• _REQUIRED WORK_: Of the material below, only the lines from the line containing "Aug 11, 2024;" down to the line containing "Grande et haute" belong in the answer, written out exactly.

• _RECORDS SUPPLIED_:

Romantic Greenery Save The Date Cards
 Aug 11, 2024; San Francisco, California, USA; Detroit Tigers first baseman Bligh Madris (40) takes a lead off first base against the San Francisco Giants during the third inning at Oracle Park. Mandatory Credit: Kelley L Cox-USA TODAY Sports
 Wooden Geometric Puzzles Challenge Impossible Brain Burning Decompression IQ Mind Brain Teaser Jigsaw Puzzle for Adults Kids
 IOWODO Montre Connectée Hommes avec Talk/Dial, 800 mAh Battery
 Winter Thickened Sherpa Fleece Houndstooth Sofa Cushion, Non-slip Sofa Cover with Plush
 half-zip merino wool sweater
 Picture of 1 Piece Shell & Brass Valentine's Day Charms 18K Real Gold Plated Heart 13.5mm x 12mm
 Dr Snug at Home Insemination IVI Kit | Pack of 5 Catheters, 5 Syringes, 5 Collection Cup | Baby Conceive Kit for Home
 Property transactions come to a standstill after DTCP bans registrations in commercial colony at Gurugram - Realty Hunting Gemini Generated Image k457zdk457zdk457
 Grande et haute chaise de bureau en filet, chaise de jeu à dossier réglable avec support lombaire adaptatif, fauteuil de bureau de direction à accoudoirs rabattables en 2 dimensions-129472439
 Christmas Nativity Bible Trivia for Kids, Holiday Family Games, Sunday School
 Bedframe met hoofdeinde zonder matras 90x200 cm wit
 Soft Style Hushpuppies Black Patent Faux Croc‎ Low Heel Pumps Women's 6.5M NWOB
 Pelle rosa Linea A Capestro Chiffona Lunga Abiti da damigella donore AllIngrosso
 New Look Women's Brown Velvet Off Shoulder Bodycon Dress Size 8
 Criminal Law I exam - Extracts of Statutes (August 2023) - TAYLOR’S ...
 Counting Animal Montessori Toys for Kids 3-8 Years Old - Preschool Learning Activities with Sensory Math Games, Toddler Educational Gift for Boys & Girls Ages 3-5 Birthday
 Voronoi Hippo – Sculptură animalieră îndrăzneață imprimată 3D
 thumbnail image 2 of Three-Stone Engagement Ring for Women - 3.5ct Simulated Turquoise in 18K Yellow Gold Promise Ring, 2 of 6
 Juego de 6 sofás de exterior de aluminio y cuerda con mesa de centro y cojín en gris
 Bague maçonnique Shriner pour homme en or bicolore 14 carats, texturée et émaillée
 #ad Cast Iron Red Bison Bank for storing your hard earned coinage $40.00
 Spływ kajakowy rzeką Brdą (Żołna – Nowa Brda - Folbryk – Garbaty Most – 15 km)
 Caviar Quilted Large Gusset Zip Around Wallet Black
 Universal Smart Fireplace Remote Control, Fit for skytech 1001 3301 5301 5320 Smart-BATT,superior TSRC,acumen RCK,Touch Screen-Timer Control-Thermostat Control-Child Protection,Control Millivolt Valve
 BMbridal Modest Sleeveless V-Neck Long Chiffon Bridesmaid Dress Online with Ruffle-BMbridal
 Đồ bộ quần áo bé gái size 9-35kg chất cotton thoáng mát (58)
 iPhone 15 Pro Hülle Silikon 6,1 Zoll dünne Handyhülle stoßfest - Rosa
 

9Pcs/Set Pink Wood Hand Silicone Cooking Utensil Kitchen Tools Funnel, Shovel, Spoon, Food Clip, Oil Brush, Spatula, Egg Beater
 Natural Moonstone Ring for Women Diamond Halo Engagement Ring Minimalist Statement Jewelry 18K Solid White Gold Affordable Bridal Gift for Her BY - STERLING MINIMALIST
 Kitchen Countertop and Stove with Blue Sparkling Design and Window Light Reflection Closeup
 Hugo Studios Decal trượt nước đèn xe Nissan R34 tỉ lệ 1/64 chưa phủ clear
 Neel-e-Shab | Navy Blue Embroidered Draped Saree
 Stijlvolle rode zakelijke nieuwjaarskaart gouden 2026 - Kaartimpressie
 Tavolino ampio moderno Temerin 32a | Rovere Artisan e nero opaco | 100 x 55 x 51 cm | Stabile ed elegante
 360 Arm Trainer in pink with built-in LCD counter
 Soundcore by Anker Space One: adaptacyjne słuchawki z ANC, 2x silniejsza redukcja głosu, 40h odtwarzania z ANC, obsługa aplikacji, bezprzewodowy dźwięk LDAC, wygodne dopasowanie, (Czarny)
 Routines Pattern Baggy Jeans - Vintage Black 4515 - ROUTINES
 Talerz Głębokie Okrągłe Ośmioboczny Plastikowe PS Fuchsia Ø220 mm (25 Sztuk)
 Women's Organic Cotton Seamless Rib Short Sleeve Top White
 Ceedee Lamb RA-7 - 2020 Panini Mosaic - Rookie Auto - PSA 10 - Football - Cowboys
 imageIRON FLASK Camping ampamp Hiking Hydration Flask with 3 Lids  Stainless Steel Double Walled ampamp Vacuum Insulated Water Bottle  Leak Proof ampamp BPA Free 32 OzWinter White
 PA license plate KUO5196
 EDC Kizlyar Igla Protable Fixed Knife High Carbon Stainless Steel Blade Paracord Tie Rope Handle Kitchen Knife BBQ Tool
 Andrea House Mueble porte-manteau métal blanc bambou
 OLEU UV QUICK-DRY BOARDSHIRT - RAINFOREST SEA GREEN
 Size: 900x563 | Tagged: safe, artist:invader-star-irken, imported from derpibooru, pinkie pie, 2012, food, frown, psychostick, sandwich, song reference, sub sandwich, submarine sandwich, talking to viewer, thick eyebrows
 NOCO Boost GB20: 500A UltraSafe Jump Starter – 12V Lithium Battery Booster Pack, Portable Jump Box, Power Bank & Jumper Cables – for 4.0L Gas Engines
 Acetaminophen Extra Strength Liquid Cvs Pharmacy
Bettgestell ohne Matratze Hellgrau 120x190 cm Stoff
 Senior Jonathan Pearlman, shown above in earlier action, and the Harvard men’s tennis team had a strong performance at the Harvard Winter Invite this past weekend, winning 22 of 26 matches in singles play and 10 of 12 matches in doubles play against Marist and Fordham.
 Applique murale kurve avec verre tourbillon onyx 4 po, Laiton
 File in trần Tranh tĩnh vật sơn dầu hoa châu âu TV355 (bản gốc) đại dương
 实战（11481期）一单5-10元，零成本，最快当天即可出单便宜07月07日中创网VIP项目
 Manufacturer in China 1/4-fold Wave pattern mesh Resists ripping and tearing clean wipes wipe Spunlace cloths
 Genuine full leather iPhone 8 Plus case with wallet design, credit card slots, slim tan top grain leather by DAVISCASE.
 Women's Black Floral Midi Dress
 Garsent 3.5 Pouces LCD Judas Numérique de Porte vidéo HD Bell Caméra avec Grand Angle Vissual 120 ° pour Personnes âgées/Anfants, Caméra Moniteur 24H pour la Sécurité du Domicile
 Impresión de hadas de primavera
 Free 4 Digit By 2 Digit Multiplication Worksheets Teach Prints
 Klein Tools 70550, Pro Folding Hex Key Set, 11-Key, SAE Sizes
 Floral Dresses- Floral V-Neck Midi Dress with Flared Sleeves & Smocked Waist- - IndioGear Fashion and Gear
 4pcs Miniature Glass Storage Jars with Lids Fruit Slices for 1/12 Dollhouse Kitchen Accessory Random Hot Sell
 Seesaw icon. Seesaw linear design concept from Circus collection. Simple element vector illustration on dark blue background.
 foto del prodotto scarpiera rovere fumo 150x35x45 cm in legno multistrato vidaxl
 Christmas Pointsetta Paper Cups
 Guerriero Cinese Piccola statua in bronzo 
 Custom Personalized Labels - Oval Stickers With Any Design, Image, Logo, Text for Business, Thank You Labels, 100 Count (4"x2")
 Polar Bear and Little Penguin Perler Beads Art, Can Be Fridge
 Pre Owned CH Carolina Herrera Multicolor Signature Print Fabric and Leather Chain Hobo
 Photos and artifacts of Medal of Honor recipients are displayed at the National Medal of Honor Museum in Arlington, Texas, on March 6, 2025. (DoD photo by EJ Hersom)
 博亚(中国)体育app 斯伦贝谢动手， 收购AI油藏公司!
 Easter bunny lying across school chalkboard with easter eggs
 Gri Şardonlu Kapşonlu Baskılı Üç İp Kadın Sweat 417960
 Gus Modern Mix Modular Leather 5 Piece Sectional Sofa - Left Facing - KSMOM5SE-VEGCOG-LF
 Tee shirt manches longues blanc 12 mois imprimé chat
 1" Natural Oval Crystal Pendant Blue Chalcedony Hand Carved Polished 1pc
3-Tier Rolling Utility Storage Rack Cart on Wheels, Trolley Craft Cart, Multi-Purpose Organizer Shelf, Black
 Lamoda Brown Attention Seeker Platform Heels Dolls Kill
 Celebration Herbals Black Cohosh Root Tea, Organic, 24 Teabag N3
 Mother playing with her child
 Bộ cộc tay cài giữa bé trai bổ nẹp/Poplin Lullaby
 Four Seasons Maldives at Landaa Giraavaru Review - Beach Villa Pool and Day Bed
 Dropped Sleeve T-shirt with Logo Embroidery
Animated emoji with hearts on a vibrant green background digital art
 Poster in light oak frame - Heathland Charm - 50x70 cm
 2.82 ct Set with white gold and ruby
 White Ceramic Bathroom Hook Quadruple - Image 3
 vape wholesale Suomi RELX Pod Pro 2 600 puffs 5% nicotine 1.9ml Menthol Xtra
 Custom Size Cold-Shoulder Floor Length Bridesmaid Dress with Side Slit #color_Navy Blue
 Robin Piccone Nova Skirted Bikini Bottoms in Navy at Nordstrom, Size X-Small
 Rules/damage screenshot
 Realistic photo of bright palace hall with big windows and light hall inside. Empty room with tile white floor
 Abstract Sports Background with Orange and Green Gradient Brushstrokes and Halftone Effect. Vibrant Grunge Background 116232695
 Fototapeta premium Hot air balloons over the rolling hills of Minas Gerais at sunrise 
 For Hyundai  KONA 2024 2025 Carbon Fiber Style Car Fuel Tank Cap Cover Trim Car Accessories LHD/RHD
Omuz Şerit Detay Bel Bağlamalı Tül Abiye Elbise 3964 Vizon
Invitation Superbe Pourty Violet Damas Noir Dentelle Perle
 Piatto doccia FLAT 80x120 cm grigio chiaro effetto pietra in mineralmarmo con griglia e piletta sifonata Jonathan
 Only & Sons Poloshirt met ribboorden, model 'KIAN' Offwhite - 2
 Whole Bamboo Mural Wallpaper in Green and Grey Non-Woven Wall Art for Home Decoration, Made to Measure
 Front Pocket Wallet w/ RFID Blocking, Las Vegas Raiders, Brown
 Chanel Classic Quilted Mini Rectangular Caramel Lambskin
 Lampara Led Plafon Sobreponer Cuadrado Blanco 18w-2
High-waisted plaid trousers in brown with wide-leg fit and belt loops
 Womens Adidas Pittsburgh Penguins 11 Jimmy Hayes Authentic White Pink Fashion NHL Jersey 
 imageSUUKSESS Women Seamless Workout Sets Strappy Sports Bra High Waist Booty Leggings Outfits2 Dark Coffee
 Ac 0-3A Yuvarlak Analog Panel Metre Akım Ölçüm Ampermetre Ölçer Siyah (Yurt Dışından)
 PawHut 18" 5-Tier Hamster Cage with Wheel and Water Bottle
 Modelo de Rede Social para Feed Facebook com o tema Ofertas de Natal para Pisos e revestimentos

• _WRITTEN SOLUTION_:
 Aug 11, 2024; San Francisco, California, USA; Detroit Tigers first baseman Bligh Madris (40) takes a lead off first base against the San Francisco Giants during the third inning at Oracle Park. Mandatory Credit: Kelley L Cox-USA TODAY Sports
 Wooden Geometric Puzzles Challenge Impossible Brain Burning Decompression IQ Mind Brain Teaser Jigsaw Puzzle for Adults Kids
 IOWODO Montre Connectée Hommes avec Talk/Dial, 800 mAh Battery
 Winter Thickened Sherpa Fleece Houndstooth Sofa Cushion, Non-slip Sofa Cover with Plush
 half-zip merino wool sweater
 Picture of 1 Piece Shell & Brass Valentine's Day Charms 18K Real Gold Plated Heart 13.5mm x 12mm
 Dr Snug at Home Insemination IVI Kit | Pack of 5 Catheters, 5 Syringes, 5 Collection Cup | Baby Conceive Kit for Home
 Property transactions come to a standstill after DTCP bans registrations in commercial colony at Gurugram - Realty Hunting Gemini Generated Image k457zdk457zdk457
 Grande et haute chaise de bureau en filet, chaise de jeu à dossier réglable avec support lombaire adaptatif, fauteuil de bureau de direction à accoudoirs rabattables en 2 dimensions-129472439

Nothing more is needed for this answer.